Confucius and Socrates might appreciate a definition of “most viewed” before reading what follows: the EAA “most viewed” list indicates the top ten most viewed articles in a given week. Several articles have remained high on the list for long periods of time, but there is enough movement up, down, or off the list that checking it regularly remains interesting. The articles below from our top ten most viewed rankings were taken on August 26th, 2022. It might be more interesting for some readers to ignore my annotations, visit the “most viewed” list, make their own speculations, and compare and contrast them with mine.

1. If EAA articles ever become a Pulitzer Prize category, Dana Herrera’s “The Philippines: An Overview of the Colonial Era” (volume 20, number 1, spring 2015) would be a winner for the past three years despite occasionally being replaced in the top slot. Why? The article is succinct, but well written, and the illustrations are superb. The author has an excellent “hook” and informative breadth in the essay.

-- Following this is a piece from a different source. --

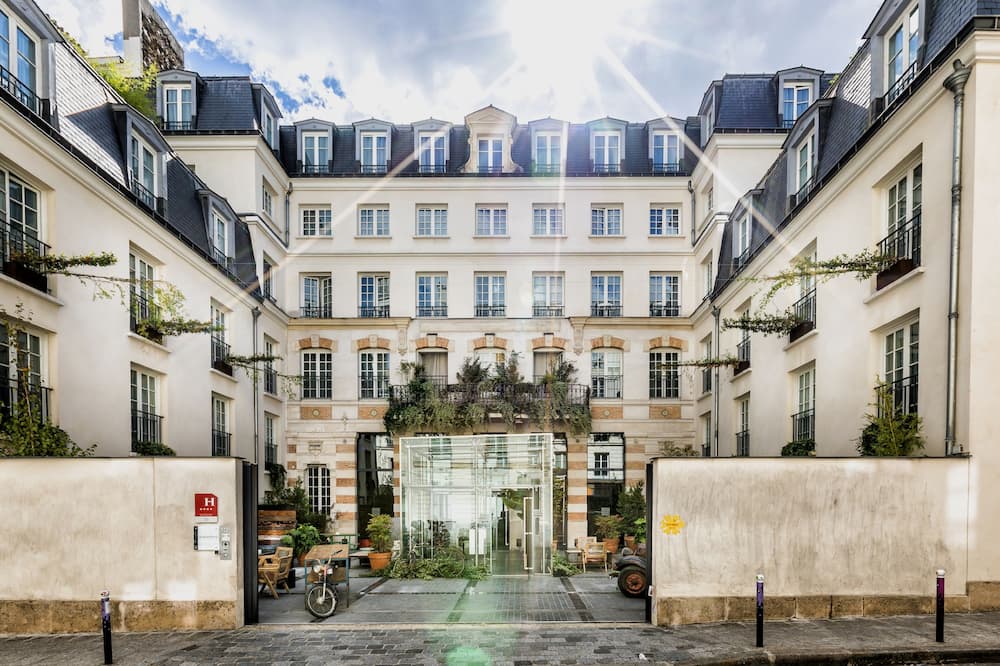Kube Hotel Paris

In teaching about the late-nineteenth century US debate about visibly becoming an imperial nation, especially in our turbulent times, it is perhaps instructive to make students aware that in February 1899, the US Senate approved the Treaty of Paris by one vote.

US Secretary of State John Hay signs the Treaty of Paris, ratified in 1899, which ended the Spanish–American Way and gave the US control of the Phillippines Source: Wikimedia Commons at
US Secretary of State John Hay signs the Treaty of Paris, ratified by the US in February 1899, which ended the Spanish–American War and gave the US control of the Philippines. Source: Wikimedia Commons at

2. Given the earlier AP news, it is probably no surprise to readers that Nimish Adhia’s “The History of Economic Development in India since Independence”(volume 20, number 3, winter 2015) ranks so highly on the list. Readers can now use the aforementioned AP story and Nimish’s article in their courses. Nimish, and virtually all authors who make the most viewed list, craft prose that instructors and many students can clearly understand.

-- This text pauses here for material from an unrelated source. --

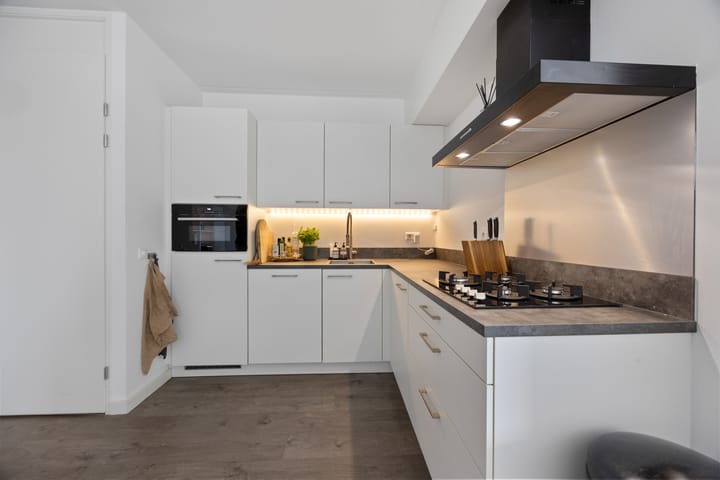 Foto 11 van Plein 1944 130-B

3. James Matray in “The Korean War 101: Causes, Course, and Conclusion of the Conflict” (volume 17, number 3, winter 2012) combines diplomatic and military history that earns the title he selected for the article. His essay is both informative and, in my opinion, the Cold War diplomatic history is provocative enough that counter arguments can be introduced to students. The military history is the kind of content that is often neglected, but sorely needed for understanding of national and world events.

4. In an era where good Indian food is available at Walmart, not to mention Indian restaurants in numerous nations, anthropologist Tulasi Srinivas in  “Exploring Indian Culture through Food” (volume 16, number 3, winter 2011) both writes well about the cultural impact of Indian food and potentially motivates some readers unfamiliar with Indian food to embark on a new culinary adventure. The article includes a sidebar recipe for Tandoori Chicken.

5. Damon Woods in “A Brief Essay on my Key Issues Book: The Philippines: From Earliest Times to the Present” (volume 22, number 2, fall 2017) accurately describes what he achieves in his Key Issues in Asian Studies volume: an introduction to the history of the Philippines that transcends presenting Filipinos or their ancestors as simply living on an isolated archipelago. When contact occurred with major foreign powers, the indigenous cultural vibrancy existing in the archipelago was modified, but resistant to erasure.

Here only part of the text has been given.